Jon Vickers, the director of Indiana University Cinema, has been programming films and attending many of the major festivals for more than two decades. According to Vickers, Heartland’s evolution over the past few years was both natural and necessary. “Broadening the interpretation of the mission gives the festival flexibility to expand audiences and types of experiences,” he says. “That can be accomplished while respecting what has made Heartland successful for the past 25 years.” The notion that Heartland has to choose between positive films and difficult ones is a false dichotomy, in his opinion. Other festivals cater to a wide range of interests by creating different sections, offering films in various niches so viewers know what they’re getting into before sitting down.
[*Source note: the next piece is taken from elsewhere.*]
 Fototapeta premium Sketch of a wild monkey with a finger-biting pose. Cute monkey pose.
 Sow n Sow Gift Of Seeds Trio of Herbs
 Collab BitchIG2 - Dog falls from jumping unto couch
Heartland Film’s current mission is simply “to inspire filmmakers and audiences through the transformative power of film.” But 25 years after its founding, the festival can’t seem to shake its original mission of “expressing hope and respect for the positive values of life.” Although Sparks no longer works at Heartland, he still attends the festival each year, and has kept his finger on the pulse of the organization since his retirement. “I was never in full agreement with decisions that were made by the staff after I left, and there were some bumps in the road,” he says. “But Heartland made it through, and I think it’s stronger today than it’s ever been.”
As always, the box office will decide.